City of Cedar Falls Public Safety Facility

Cedar Falls, IA

The City of Cedar Falls wanted to consolidate police and fire operations into one facility to enhance public safety operations. The City had two main goals for the project: first, to design a facility that was lean and functional, and second, to provide opportunities for program overlap between administration, police, and fire officials without hindering their day-to-day responsibilities.

INVISION met with city representatives to evaluate existing facilities and determine their current and future needs, performing a space needs assessment, analysis of potential sites, master planning of the public safety departments, and the subsequent renovation and addition. The design team found opportunities to overlap program areas that police and fire could share, while still maintaining the individual requirements for each department. Visibility to and from staff into most spaces was also key to promoting connectedness and cohesion throughout the differing functions of the (now combined) city department.

The design incorporated all factions of the public safety department into one cohesive facility with a shared public lobby.

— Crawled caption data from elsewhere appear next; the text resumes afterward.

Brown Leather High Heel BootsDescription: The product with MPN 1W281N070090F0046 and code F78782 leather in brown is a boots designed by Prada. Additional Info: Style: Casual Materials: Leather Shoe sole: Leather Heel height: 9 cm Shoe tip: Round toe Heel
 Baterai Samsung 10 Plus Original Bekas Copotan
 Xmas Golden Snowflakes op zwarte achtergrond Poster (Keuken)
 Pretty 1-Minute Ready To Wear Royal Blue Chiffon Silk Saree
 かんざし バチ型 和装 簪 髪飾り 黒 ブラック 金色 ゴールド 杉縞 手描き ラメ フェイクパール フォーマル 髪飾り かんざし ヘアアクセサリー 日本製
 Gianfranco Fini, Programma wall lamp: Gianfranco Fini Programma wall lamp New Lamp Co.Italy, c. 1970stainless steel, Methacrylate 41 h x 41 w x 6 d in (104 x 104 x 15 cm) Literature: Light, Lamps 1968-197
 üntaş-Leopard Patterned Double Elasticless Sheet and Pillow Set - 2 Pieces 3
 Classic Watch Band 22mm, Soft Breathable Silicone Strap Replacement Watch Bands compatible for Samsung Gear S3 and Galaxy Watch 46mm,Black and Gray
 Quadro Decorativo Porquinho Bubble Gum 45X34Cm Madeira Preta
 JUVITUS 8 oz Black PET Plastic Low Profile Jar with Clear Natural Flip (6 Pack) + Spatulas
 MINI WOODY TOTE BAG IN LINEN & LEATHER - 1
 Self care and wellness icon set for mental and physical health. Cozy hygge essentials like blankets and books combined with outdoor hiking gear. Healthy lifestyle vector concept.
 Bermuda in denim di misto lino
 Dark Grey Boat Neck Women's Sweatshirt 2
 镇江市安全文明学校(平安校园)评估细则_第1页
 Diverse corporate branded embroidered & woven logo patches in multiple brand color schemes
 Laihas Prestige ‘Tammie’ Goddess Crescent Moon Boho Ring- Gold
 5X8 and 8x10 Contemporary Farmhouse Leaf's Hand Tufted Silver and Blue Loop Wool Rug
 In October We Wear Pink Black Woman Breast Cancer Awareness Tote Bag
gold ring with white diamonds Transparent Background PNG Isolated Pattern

Including all the typical spaces utilized by law enforcement and fire departments, the building was organized through a strategy of promoting efficiency and multi-purpose use under the umbrella of Public Safety.

Tim Turnis
Project Architect

To achieve leanness, the design team flushed out the program several times with the users, trimming excess parts of the program while balancing their needs with the budget. There was not any part of the program that wasn’t used in some fashion when the facility opened.

The design team consolidated the program from two directions, physically and visually. The reason for this was because although administration, police, and fire would be under the same roof, each user group functions under specific procedures and security requirements associated with the spaces they work in. To achieve a physical overlap, the team looked for pieces of the programs that could become part of main circulation path like the kitchen/​dayroom and gym to bring all three users together during their day-to-day business. Visual overlap was achieved with glass partitions that visually connect police programs and fire programs to the main staff corridor along the east end of the facility.